Jay at his desk, facing the empty classroom with chairs up on the children's desks. At the back wall a banner reads, "BE A PINEAPPLE: STAND TALL, WEAR A CROWN, AND BE SWEET ON THE INSIDE!" 
Jay Bumanglag in an empty classroom where teaching now happens online.
Group of students stand with their teacher Jay Bumanglag.
Jay Bumanglag (at right) and his students at MathCounts, February 2020. Courtesy photo.

Last year, Bumanglag was able to take some of his students to MathCounts, events that test students on their ability to answer mathematical problems individually and as a team. Bumanglag also participated in MathCounts when he was a student at Pāhoa. “It made me realize that there are students who enjoy math,” he says. “I thought ‘how can I continue to further their interest in math?’”

Bumanglag teaches his students that solving a math problem is like solving a life problem. “I tell students that math is challenging, but everything else is challenging as well, and if you know how to do math, you become a better problem solver,” he says. “You might not use a particular formula in your life, but you will have the set skills to attack any problem.”

Solving a virtual problem

When the COVID-19 pandemic closed schools last March, teachers had to solve the unprecedented problem of teaching virtually. “It’s not the greatest situation, honestly. I think a lot of teachers are stressed because we went from face-to-face teaching to teaching virtually and that was the biggest shift,” says Bumanglag. “It’s like teaching a chef how to be a baker. They’re in a similar world but it’s just two different things.”

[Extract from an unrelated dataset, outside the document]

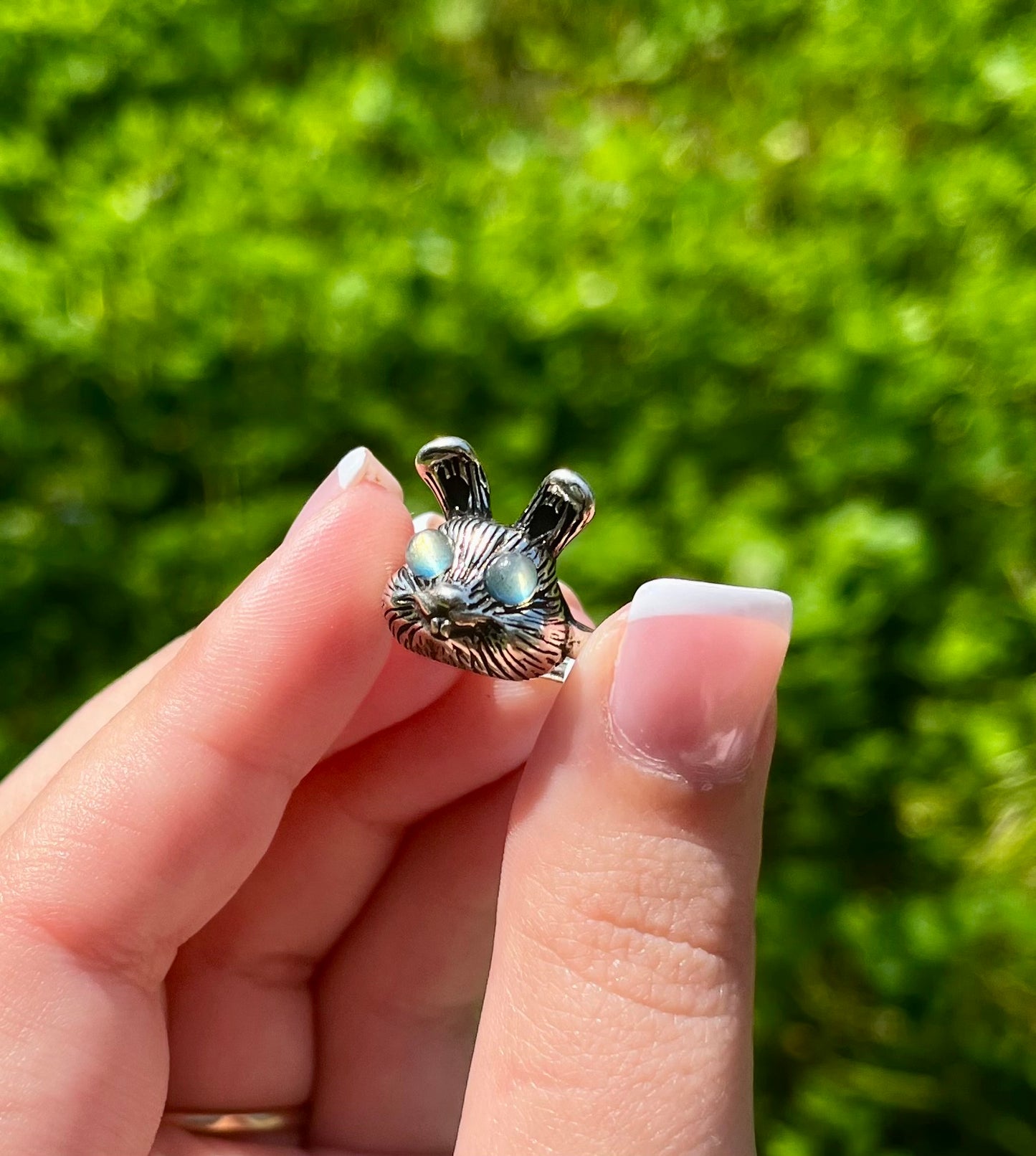 Labradorite rabbit ring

Distance learning has caused him to look at things from a different point of view. He says the pandemic has shown just how important it is for students to be in a classroom and how learning behind a screen takes away a lot of the social aspects of school. “Having the ability to be able to talk to them and knowing how their day is going is crucial as a teacher in this pandemic,” he says.

Though there may be lots of setbacks, Bumanglag has a positive attitude. “As teachers we’re resilient. We persevere and come together,” he says. “The support is there all around and we’re hoping for the best.”

Bumanglag’s teaching philosophy is simple. “It might sound a little cliché, but do what you love, love what you do,” he says. “I try to do everything with passion and intention.” He teaches his students to do everything with good intentions and spread aloha. “We need more love, we need more care in the world. We need more humility,” he says.

“When students say they enjoy coming to my class, that’s enough of a reason for me to believe I am making a difference in their lives,” he says.

 

-Story by Lauren Okinaka, who is earning a bachelor of arts in communication with a minor in English.